Review: The Angry Birds Movie

The “Video Game Adaptation” curse continues.

In the simplest of terms, The Angry Birds Movie sets out to tell the origin “story” of the popular Phone game. The basic premise is this: Green Pigs come, fool birds, steal eggs to eat, birds fight back. If you’ve played any Angry Birds you’ll almost certainly recognise that as the story told by the 10 second slideshow at the start of the game. What The Angry Birds Movie has done is taken a perfectly concise, and frankly unnecessary, 10 second slide show and turned it into a 97 minute animated feature film. It’s a plot that’s thinner than paper and less fun to watch.

This would be ok if the movie was funny. Unfortunately, over the course of an hour and a half, only a sparse handful of the movie’s jokes land, and even those are flatter than they should be. If you consider yourself a fan of the Angry Birds franchise then there some little character nods here and there that will bring a smile to your face but that’s about all the film can manage.

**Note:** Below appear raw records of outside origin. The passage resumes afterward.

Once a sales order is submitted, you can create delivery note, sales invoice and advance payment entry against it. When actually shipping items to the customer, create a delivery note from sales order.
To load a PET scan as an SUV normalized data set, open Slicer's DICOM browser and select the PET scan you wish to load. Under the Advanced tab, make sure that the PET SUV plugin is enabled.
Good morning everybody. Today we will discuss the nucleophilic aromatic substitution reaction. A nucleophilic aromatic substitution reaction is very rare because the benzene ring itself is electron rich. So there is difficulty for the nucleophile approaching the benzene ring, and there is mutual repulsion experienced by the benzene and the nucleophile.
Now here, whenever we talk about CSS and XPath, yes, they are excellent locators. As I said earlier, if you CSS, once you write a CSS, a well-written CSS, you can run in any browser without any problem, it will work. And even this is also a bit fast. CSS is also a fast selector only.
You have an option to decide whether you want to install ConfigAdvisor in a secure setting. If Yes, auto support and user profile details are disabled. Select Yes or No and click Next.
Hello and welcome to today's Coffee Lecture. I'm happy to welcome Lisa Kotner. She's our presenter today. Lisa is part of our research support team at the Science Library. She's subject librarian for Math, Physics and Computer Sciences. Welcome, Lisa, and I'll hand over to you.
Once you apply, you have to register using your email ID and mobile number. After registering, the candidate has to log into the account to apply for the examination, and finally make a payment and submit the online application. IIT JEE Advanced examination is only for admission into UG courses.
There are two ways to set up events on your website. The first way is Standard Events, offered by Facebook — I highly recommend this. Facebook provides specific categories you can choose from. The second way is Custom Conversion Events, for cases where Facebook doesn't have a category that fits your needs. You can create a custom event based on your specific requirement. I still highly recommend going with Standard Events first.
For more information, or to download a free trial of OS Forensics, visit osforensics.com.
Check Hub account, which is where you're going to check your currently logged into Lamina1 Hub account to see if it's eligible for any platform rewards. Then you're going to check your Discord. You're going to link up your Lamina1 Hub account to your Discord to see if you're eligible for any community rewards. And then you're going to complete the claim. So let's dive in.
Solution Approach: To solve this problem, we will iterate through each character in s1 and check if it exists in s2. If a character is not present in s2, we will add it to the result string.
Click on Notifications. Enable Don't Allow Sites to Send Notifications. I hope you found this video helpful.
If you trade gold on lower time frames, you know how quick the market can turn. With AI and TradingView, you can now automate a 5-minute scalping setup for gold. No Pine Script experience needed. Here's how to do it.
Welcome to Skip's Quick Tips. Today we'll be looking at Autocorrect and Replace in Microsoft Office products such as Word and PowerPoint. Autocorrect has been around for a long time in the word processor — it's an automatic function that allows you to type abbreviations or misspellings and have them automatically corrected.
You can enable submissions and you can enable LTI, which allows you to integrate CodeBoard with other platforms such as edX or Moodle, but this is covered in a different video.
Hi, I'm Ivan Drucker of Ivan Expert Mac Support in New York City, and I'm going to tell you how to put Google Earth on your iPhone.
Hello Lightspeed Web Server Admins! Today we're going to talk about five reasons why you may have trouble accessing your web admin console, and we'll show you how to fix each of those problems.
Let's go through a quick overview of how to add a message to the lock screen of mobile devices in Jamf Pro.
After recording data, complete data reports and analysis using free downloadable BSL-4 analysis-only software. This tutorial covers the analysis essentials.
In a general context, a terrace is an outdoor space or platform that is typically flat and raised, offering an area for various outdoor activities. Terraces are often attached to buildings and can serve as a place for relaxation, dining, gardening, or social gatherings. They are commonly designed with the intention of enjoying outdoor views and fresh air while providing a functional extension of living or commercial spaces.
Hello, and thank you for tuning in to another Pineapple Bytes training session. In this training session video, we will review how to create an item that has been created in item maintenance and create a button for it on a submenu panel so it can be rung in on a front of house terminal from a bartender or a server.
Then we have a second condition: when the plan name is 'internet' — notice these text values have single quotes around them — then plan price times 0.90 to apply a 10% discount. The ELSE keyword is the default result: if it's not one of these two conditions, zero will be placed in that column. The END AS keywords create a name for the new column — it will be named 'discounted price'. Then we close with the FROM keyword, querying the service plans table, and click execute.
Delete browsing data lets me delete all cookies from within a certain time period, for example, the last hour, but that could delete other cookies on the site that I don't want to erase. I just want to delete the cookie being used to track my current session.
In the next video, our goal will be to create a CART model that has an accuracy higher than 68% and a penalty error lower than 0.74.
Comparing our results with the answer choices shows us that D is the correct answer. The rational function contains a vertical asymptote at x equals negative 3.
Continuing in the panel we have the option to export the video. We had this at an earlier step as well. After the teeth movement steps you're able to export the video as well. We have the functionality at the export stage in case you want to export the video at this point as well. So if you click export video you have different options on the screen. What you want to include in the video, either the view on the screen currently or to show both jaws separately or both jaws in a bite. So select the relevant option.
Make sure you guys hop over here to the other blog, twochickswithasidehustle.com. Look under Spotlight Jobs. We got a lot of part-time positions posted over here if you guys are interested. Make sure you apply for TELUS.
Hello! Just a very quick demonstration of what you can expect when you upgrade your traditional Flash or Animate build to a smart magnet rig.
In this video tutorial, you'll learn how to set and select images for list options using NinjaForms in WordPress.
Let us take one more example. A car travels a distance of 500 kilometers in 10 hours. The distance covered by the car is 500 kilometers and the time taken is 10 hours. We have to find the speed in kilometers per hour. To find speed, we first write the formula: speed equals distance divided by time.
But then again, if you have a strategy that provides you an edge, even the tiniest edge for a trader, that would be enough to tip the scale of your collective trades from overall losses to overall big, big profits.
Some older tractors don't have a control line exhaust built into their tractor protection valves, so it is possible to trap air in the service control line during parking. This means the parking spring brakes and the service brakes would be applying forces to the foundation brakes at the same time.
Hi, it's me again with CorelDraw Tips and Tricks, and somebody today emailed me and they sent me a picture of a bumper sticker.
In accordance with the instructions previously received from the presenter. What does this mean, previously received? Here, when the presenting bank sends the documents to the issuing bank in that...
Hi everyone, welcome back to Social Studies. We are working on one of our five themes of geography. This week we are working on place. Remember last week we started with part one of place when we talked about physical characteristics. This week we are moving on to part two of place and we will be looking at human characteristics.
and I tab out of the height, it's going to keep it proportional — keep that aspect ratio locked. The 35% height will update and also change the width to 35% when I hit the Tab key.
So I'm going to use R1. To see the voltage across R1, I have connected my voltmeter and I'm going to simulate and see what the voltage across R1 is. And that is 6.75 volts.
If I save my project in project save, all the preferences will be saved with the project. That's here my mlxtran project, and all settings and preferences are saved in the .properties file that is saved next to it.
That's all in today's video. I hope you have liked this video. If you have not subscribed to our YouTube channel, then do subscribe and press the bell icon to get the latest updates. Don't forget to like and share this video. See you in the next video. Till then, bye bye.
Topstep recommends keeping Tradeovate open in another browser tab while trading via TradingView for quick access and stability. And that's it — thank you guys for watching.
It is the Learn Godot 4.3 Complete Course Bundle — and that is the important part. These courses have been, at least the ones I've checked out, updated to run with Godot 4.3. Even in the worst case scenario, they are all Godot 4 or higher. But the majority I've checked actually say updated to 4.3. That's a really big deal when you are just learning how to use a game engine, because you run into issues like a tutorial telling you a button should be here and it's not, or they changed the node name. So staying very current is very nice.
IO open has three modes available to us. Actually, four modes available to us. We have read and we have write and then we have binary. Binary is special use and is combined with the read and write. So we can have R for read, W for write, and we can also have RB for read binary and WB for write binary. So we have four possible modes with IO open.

Of all the issues with this film the biggest are the main characters, the birds themselves. Rather than be an endearing, loveable trio these characters instead play off as a group of whiny, self obsessed, arseholes. And by the end of the movie they aren’t any more loveable or any more well rounded they’re just arseholes with a cause. There’s almost no character development for the main Bird-tagonists, their journey is basically meaningless. Ironically it’s the antagonists of the movie: the pigs, that offer the most on screen charisma although no single character is entirely likeable from start to finish.

Another sticking point for the movie is the cast. Their performances across the board are fine, but it’s the casting itself that boggles. Jason Sudekis imbues “main bird” Red with less personality than one of the planks he’s traditional flung at. He’s a two dimensional character whose unlikeable in almost every scenario the movie puts him in, even when he’s presented as “the good guy”. The only character that’s particularly memorable is Chuck and that’s for all the wrong reasons as Josh Gadd makes him relentlessly grating.

It must be said that the one strength the movie has is its visuals, the lighting is fantastic and the rendering of surfaces and textures is great. Water specifically is a high point of the animation, its behaviour is incredibly lifelike. However with visuals this well made it’s a shame the movie strays so far from the visuals of the actual games, this looks like a movie in which the birds are playing roles, picked from the game and dropped in to this, rather than an actual “Angry Birds Movie”.

Overall The Angry Birds Movie is beautiful, bland trash. It’s not funny, endearing or vaguely enjoyable in the slightest. If you have children interested in it they will probably love it, it’s full of dumb slapstick humour and beautiful animation. But otherwise this is a disposable waste of what could have been a decent video game adaptation. Oh well, there’s always Assassins Creed later this year……. Right?